Re: Revised language on: ISO/IEC 10646 as Document Character Set

Erik van der Poel (erik@netscape.com)
Tue, 9 May 95 16:42:21 EDT

>OK. So I'm saying it has been put somewhere. Does this address
>your concern, or would you like to suggest something more?

Perhaps it would be clearer if we had some wording in there that
explained the relationship between "charset" and "document character
set"? MIME has an appendix on the canonical encoding model to deal
with the confusion surrounding CRLF, Base64, Quoted-Printable, etc:

Step 1. Creation of local form.
...
Step 2. Conversion to canonical form.
...
Step 3. Apply transfer encoding.
...
Step 4. Insertion into entity.
...

Perhaps there should be something like that in the HTML spec:

Step 1. Receive document in "charset"
Step 2. Convert document from "charset" to processing character set
Step 3. Parse document, converting numeric character entities
from the 10646 document character set to the processing
character set
etc

Or is this already in the spec? It's hard to tell since the spec
is divided into several pieces and I can't do a search on "charset"
across the whole thing. Do you have an updated *.txt file yet?
(Just asking.)

>The consensus I've heard is that ISO10646 is "good enough" and that
>nobody is interested in HTML-based communications using characters
>that are not in ISO10646. Could you give a motivating example of the
>sorts of things that you want to do, and tell me whether you think it
>conflicts with the current wording of the HTML 2.0 document?

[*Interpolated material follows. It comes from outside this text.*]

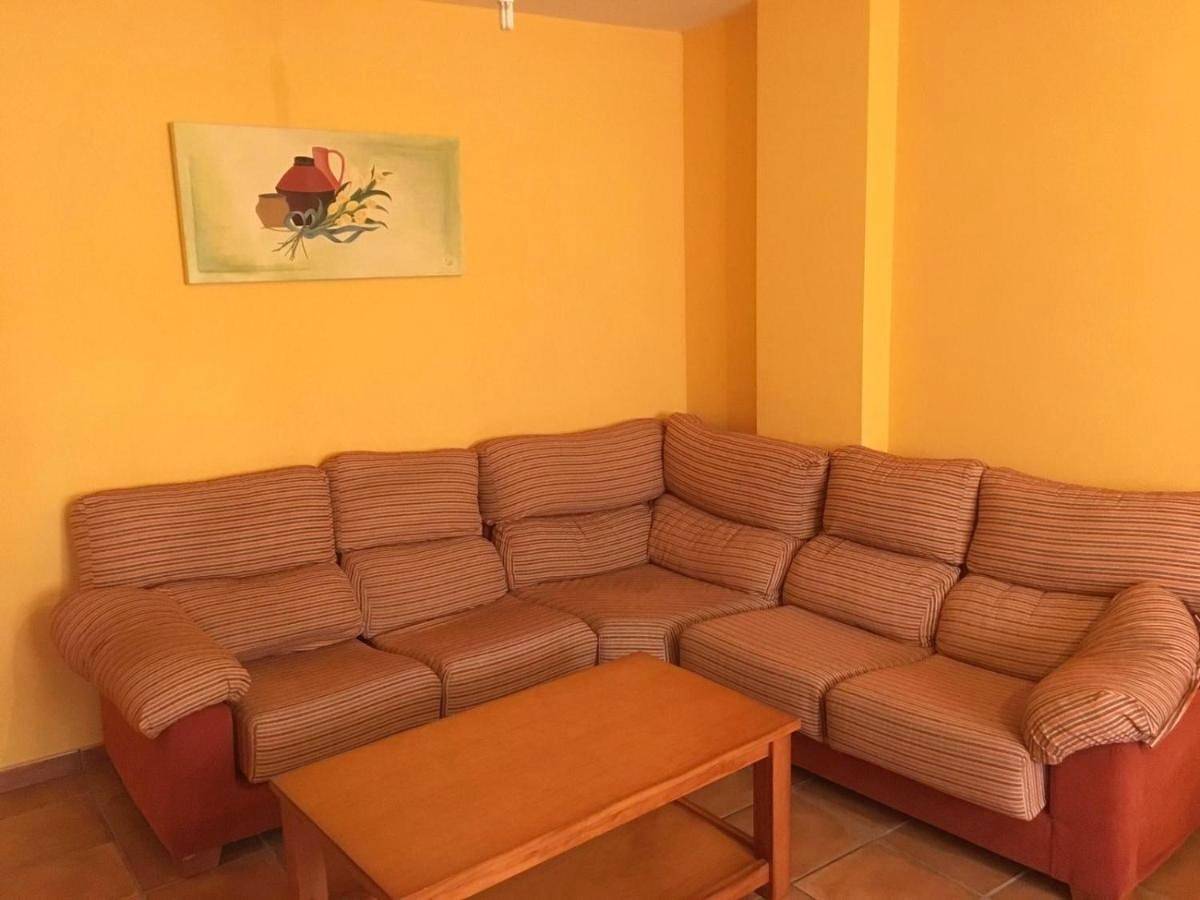 Three-Bedroom House in Casas del Monte, Provincia de Cáceres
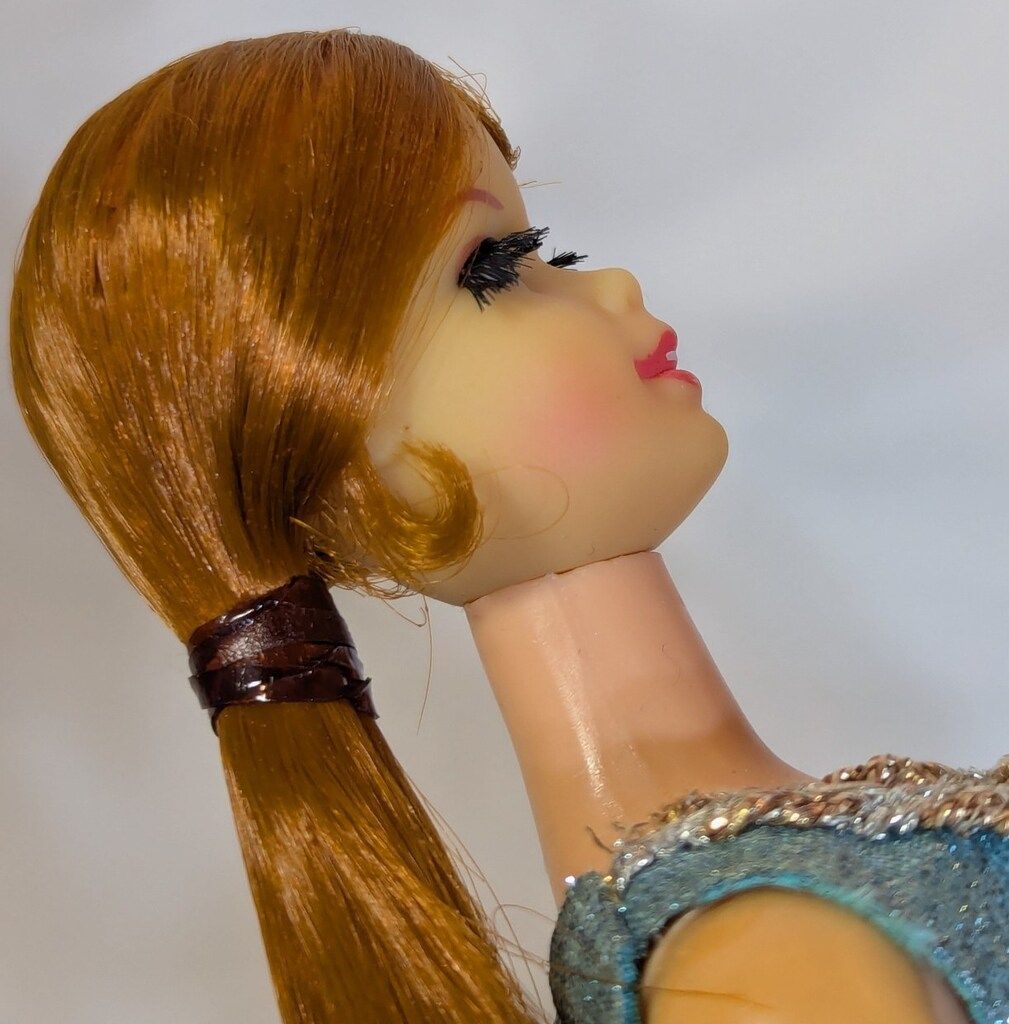 ステイシー ポニーテール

Actually, it's not that *I* want to use chars not in 10646. My concern
is that the HTML spec should not attempt to restrict people from using
charsets that *they think* (this is key) are "richer" than 10646.
What's the point of restricting the charset to subsets of 10646?

MIME is in many ways just a framework. One of the WG's decisions was
not to restrict the charset -- instead, people would be allowed to
register charsets. I think HMTL should similarly avoid restricting
the charset.

Erik